Mediation is a voluntary process in which the parents and LEA work together to resolve their disagreements. There is no cost to parents to participate in mediation.
An impartial mediator assists the participants to resolve disagreements and reach a solution that satisfies all participants. The mediator is trained in effective mediation techniques. More importantly, the mediator is also specifically trained and knowledgeable about the laws and regulations regarding special education services.
Under the IDEA, mediation can be used to address disputes relating to the identification, evaluation or educational placement of a child with a disability or the provision of a FAPE to the child. Mediation also may be used to address any other matters arising under federal and State special education law that are not subject to a due process complaint.

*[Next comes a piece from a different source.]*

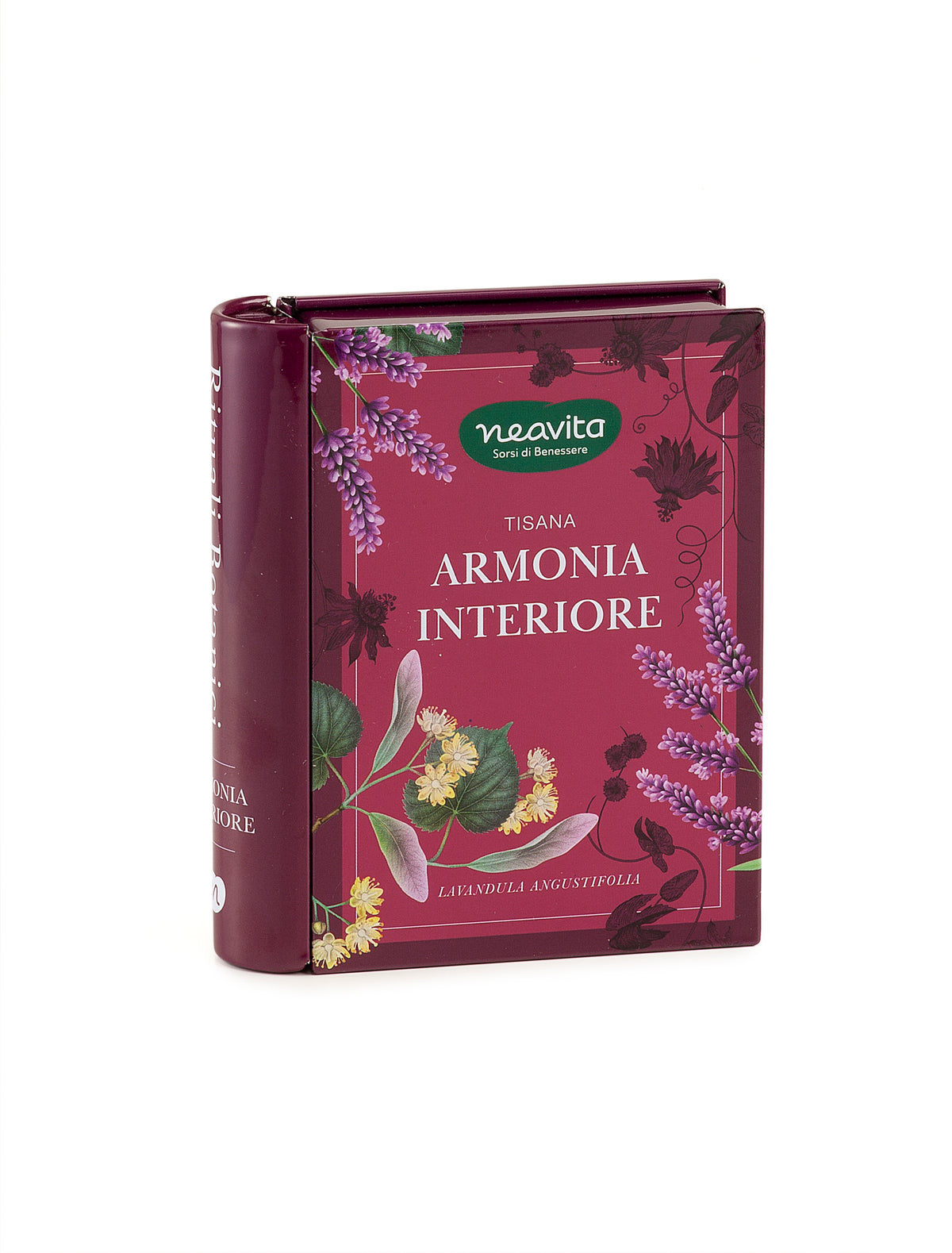 NEAVITA Rituali Botanici - Mini Libro Magenta - Tisana Armonia Interiore 5 filtroscrigno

- The parents and the LEA must both agree to participate in the mediation, but the participants may end the mediation process at any time.
- Disagreements may be resolved more quickly through mediation than through other dispute resolution options.

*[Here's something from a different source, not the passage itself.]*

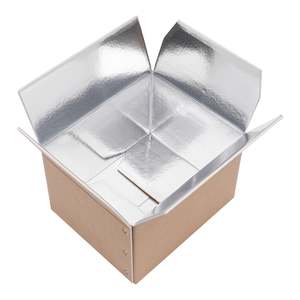8 #250*200*180mm kotak pengiriman terisolasi termal kemasan Sushi beku terisolasi Foil pengiriman makanan dengan laminasi Matt - Product Image 5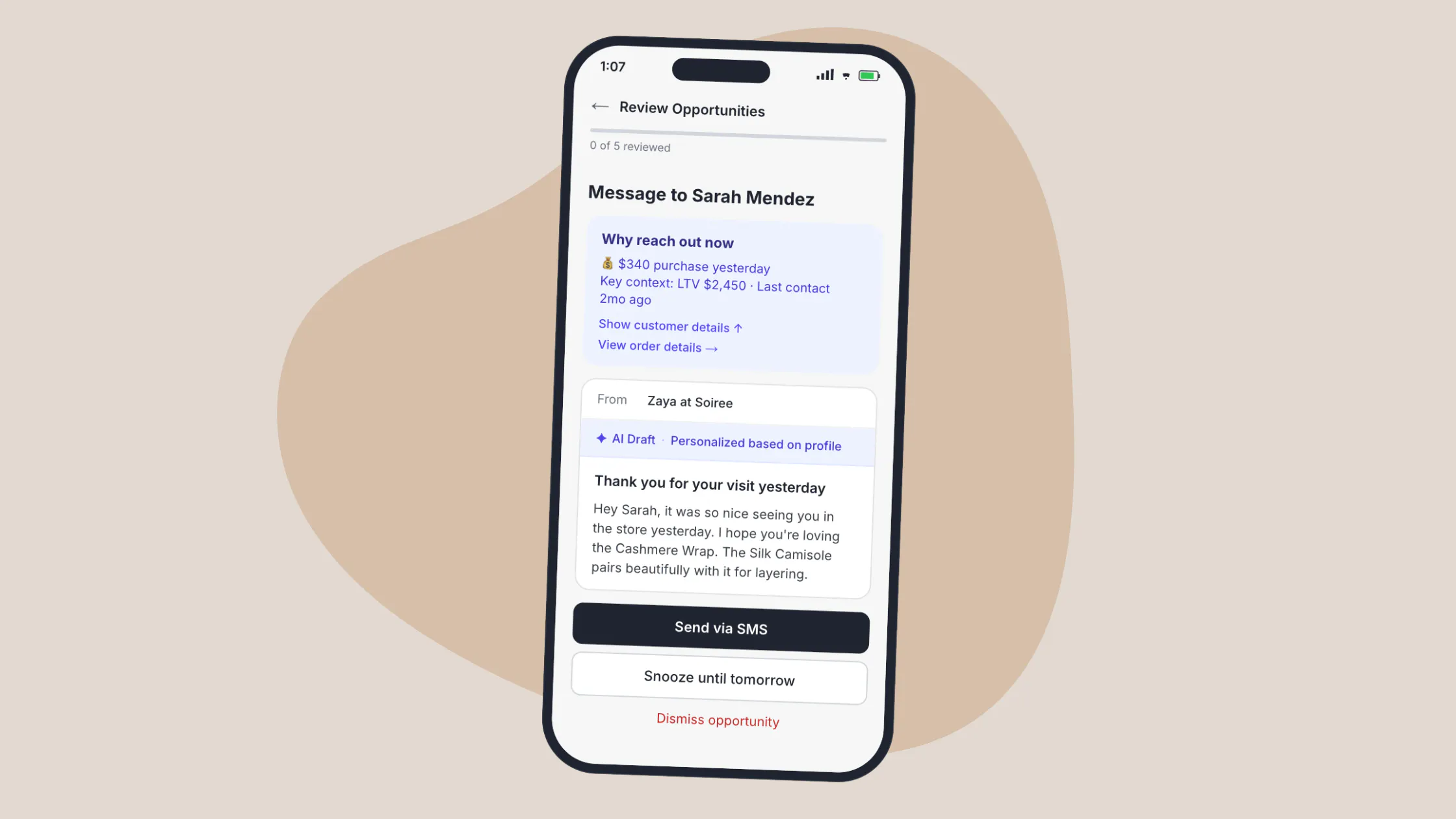 AI Opportunity Engine in Endear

- Mediation cannot deny or delay the parent’s right to a hearing. Mediation must be available to the parties even if a request for a due process hearing has not been filed.
- Mediation discussions are confidential and may not be used as evidence in any subsequent due process hearing or civil proceeding.
If the parties reach a resolution through mediation, they must execute a legally binding agreement. The mediation agreement must be in writing, signed by the parents and a district representative with the authority to bind the school district, and provide that all discussions that occur during the mediation process will remain “confidential” (i.e., cannot be used later as evidence in any subsequent IDEA proceeding).